(The problem): Leave the pictures behind and reproduce every line of the listing exactly.

(Material provided):
**********
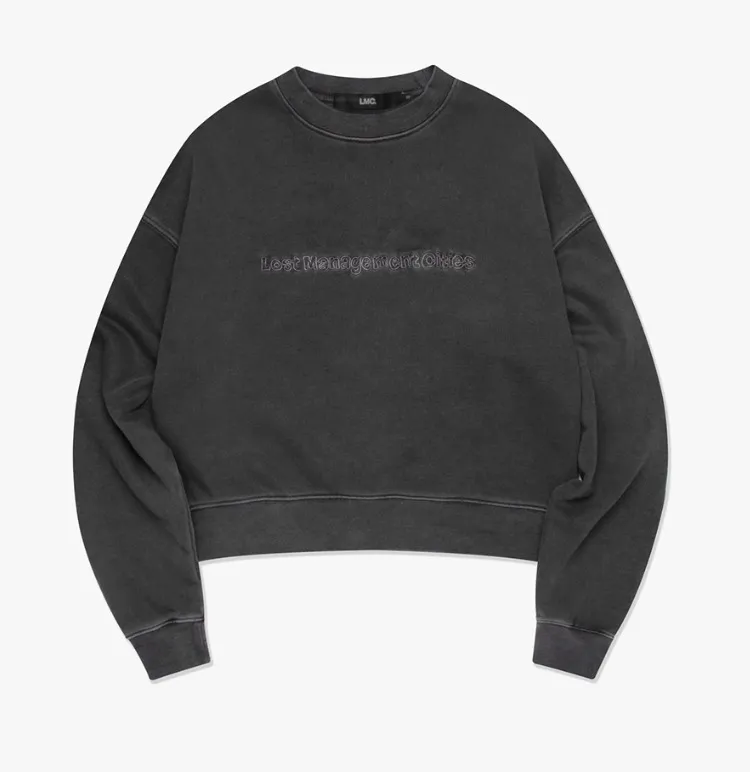 LMC  |Street Style Long Sleeves Plain Logo Cropped Tops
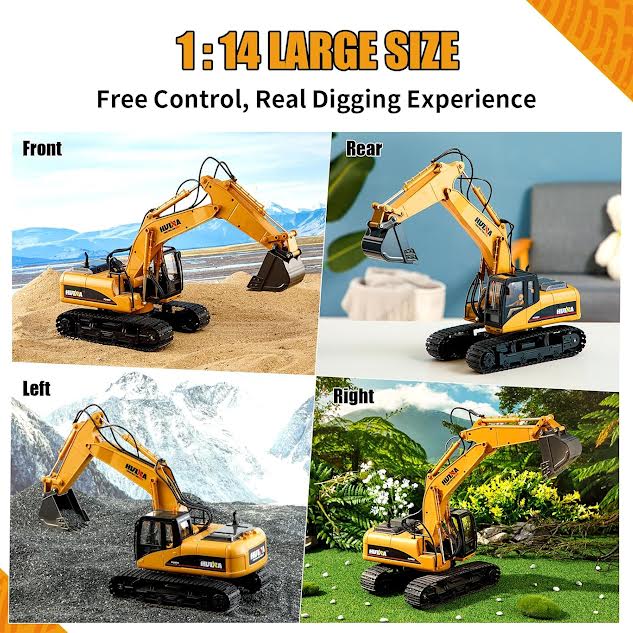 Remote Control Excavator Orange & Black
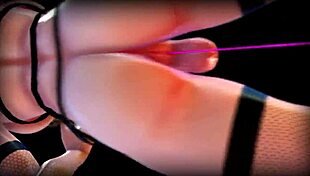 short hair futanari girl dances with droplets in fun cartoon music clip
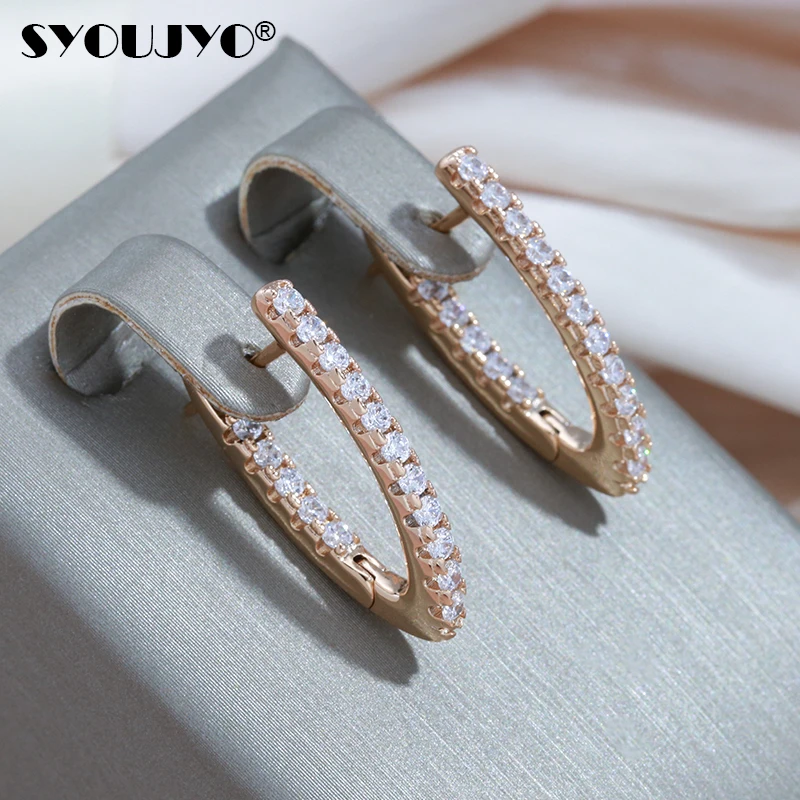 SYOUJYO 585 Gold Color Vintage V Shape Women's Earring Natural Zircon Setting Luxury Trendy Long Earring Bride Wedding Jewelry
**********
(Result of the exercise):
 LMC  |Street Style Long Sleeves Plain Logo Cropped Tops
 Remote Control Excavator Orange & Black
 short hair futanari girl dances with droplets in fun cartoon music clip
 SYOUJYO 585 Gold Color Vintage V Shape Women's Earring Natural Zircon Setting Luxury Trendy Long Earring Bride Wedding Jewelry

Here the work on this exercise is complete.